* [HOW TO COMPLETE THIS TASK] Every line of the data should be written out exactly, with the pictures left out.

*** RECORDS SHOWN Section Begins ***

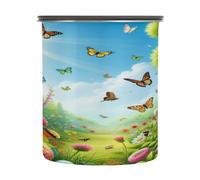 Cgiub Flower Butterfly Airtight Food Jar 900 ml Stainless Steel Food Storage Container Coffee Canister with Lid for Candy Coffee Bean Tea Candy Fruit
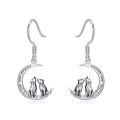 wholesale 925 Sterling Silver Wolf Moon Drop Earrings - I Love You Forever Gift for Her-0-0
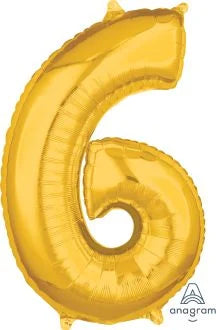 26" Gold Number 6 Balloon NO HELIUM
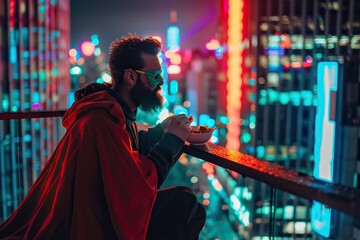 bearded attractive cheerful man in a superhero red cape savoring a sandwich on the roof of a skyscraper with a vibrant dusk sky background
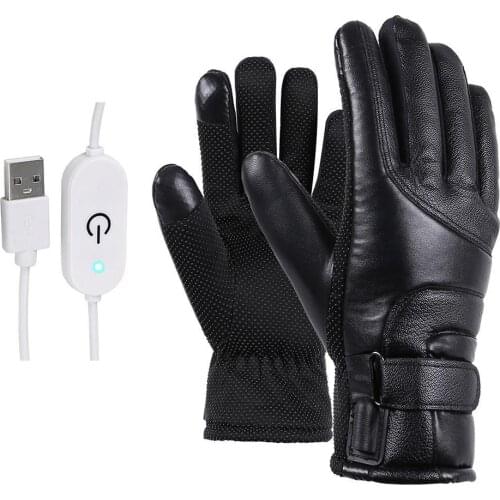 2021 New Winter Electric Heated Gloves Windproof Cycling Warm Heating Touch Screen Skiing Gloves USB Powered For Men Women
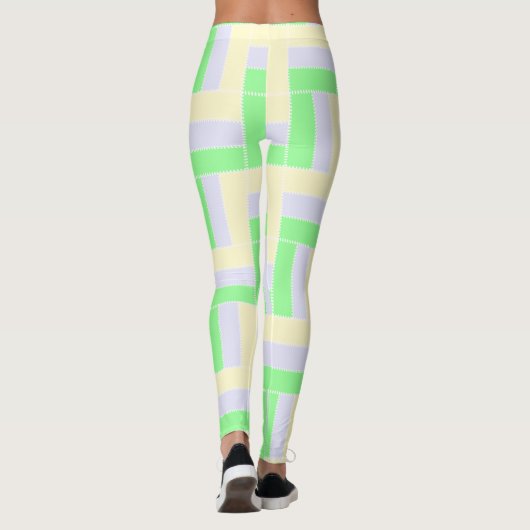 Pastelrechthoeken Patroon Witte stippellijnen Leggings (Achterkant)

*** RECORDS SHOWN Section Ends ***

* [SOLVED EXERCISE]
 Cgiub Flower Butterfly Airtight Food Jar 900 ml Stainless Steel Food Storage Container Coffee Canister with Lid for Candy Coffee Bean Tea Candy Fruit
 wholesale 925 Sterling Silver Wolf Moon Drop Earrings - I Love You Forever Gift for Her-0-0
 26" Gold Number 6 Balloon NO HELIUM
 bearded attractive cheerful man in a superhero red cape savoring a sandwich on the roof of a skyscraper with a vibrant dusk sky background
 2021 New Winter Electric Heated Gloves Windproof Cycling Warm Heating Touch Screen Skiing Gloves USB Powered For Men Women
 Pastelrechthoeken Patroon Witte stippellijnen Leggings (Achterkant)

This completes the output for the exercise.